Begin at the line containing "So now when" in the records below, end at the line containing "This is a kind", and retype each line in that span exactly. No other line and no image should appear.

(Saved entries)
• • • • •

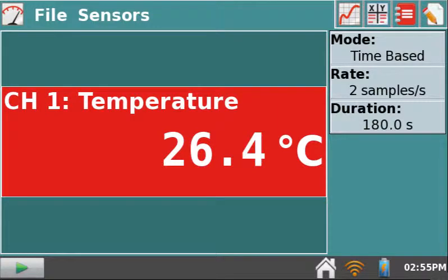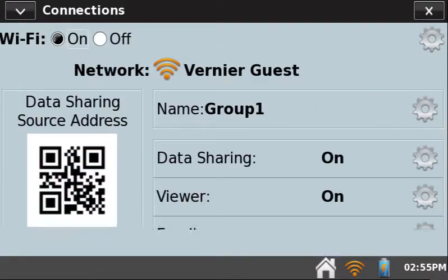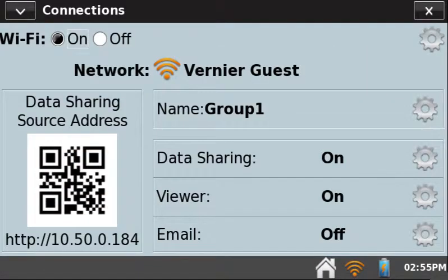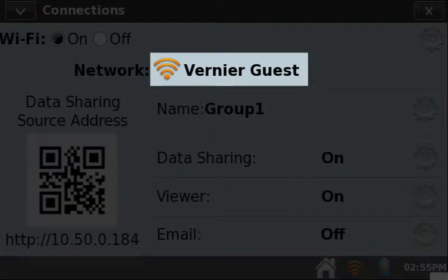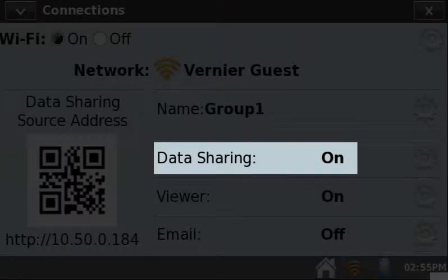You can verify this information by tapping the Wi-Fi icon in the lower right corner of the screen. This launches the Connections app. Note that MyLabQuest is connected to the Vernier Guest Network and data sharing is on.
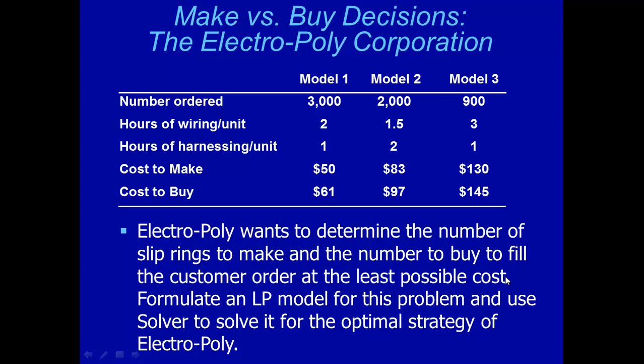Now let's think about it. We would like to find the decision variables first. What are the decisions involved? And here is the hint. The company wanted to determine the number of slip rings to make and the number of rings to buy. And we have three different kinds of rings, model 1, 2, and 3. So we are going to have six decision variables.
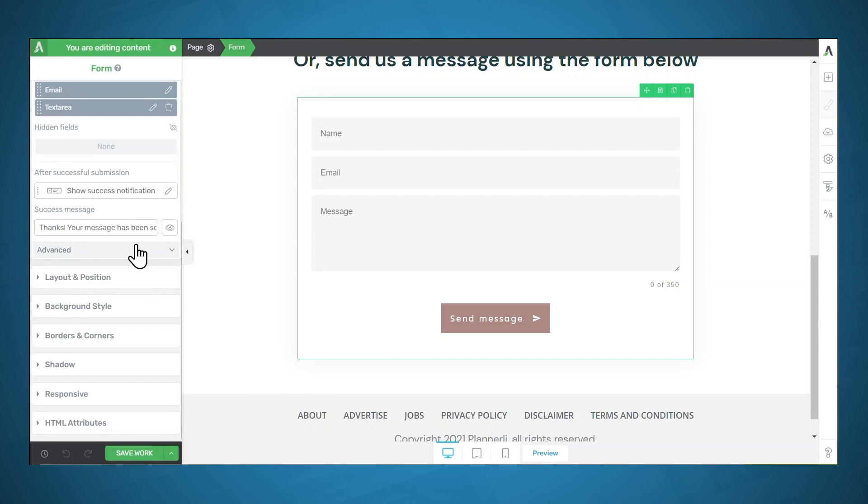And that is all there is to it. After somebody submits this form, you'll get an email notification with their message, and you can decide whether you want to respond back via email.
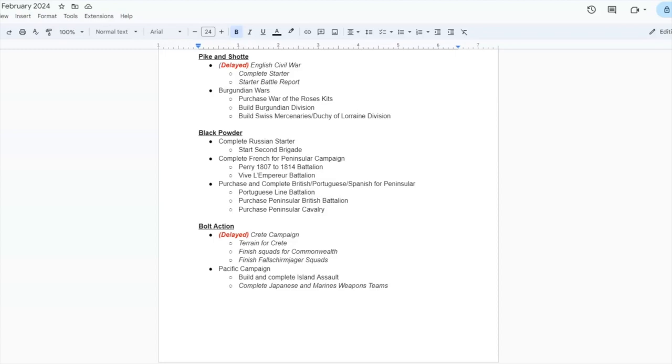In fact, for the British, Portuguese, Spanish force, I think I will get the Over the Hills kit, because that will complement the Vive L'Empereur kit quite well.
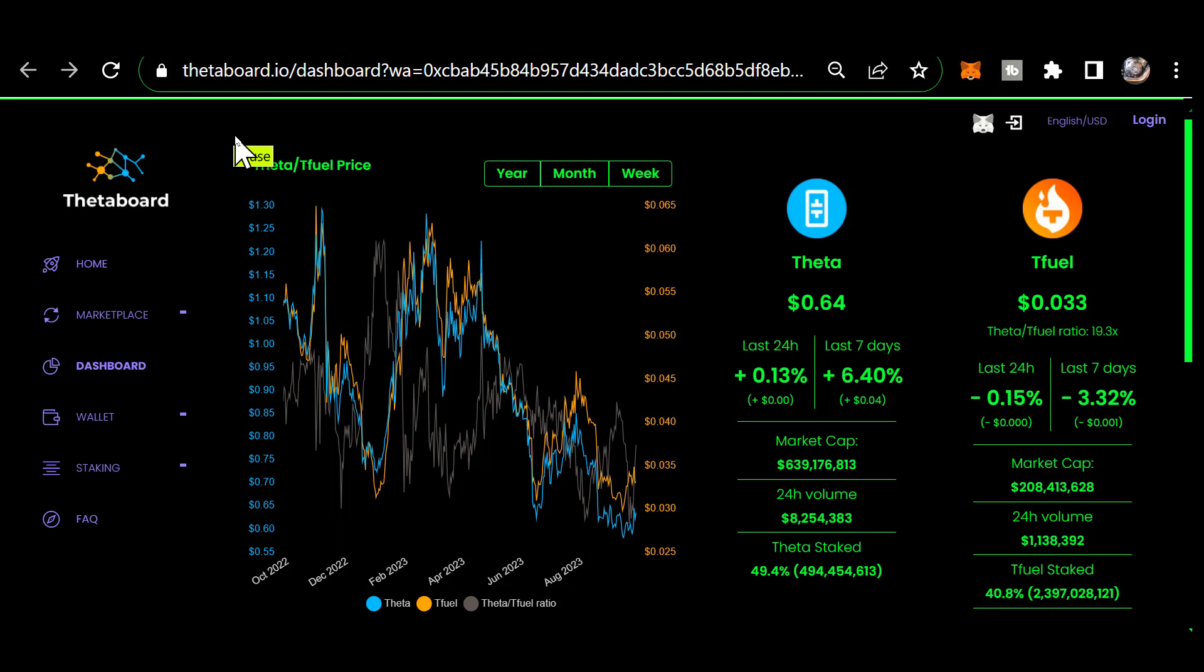T Fuel: 3.3 cents. That's down 0.15 percent in the last 24 hours and it's down 3.32 percent from a week ago. The current T Fuel to Theta price ratio is 19.3 T Fuel to one Theta. The current Theta market cap is 639 million dollars.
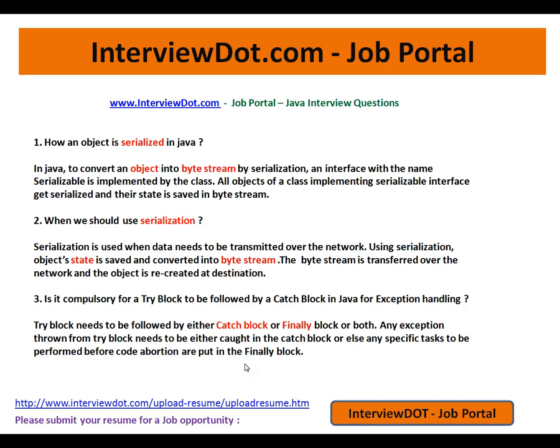Hope this video is useful for your Java interview preparation. There are a lot of videos from interview.com. Thank you and all the best.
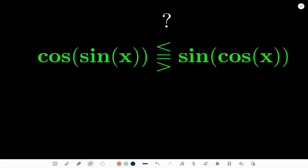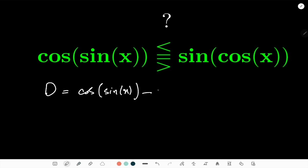I'll consider their difference. If this difference is positive, then cos(sin(x)) is greater than sin(cos(x)); if it is negative, it's the other way around. So let's call this difference d, where d = cos(sin(x)) − sin(cos(x)).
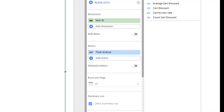So now when you mix dimensions and metrics of different scope — for example, item ID, which is item scoped, and total revenue, which is event scoped — you will get a configuration error, because Google Analytics 4 does not allow these dimensions and metrics to be mixed.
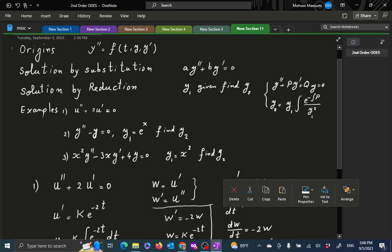This is a kind of situation we are going to come across quite often. If you come across A·Y double prime plus B·Y prime equal to zero, you can do a substitution of Y prime equal to W, then attempt to solve that by separation, and then you can get your solution.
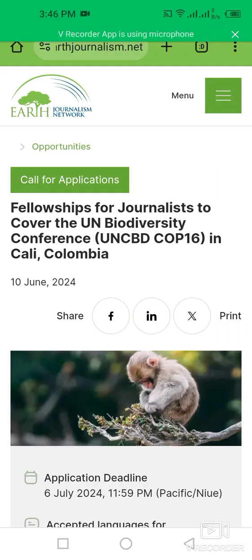Hello my dear friends, welcome back to International Opportunity Hub. This is the fellowship for journalists to cover the UN Biodiversity Conference that is going to be held in Colombia, in the city of Cali.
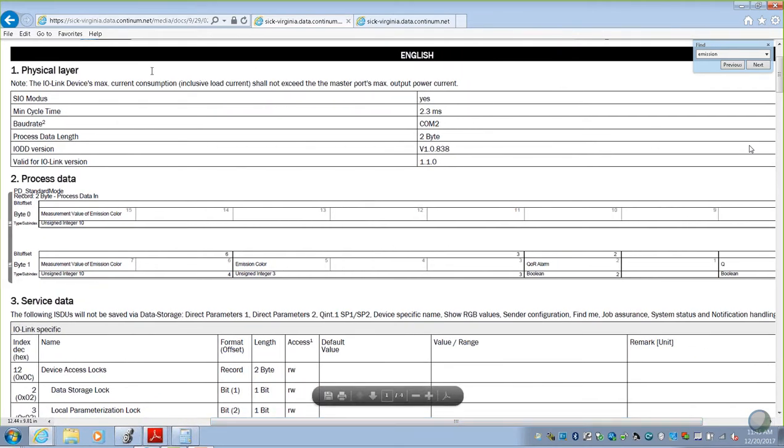This is the top here, physical layer, is essentially how we're communicating and what we're talking to. Then, process data is the information that the sensor sends continually, all the time. Every update cycle, this data is being updated.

• • • • •

**Solved exercise:**
So now when you mix dimensions and metrics of different scope — for example, item ID, which is item scoped, and total revenue, which is event scoped — you will get a configuration error, because Google Analytics 4 does not allow these dimensions and metrics to be mixed.
This is a kind of situation we are going to come across quite often. If you come across A·Y double prime plus B·Y prime equal to zero, you can do a substitution of Y prime equal to W, then attempt to solve that by separation, and then you can get your solution.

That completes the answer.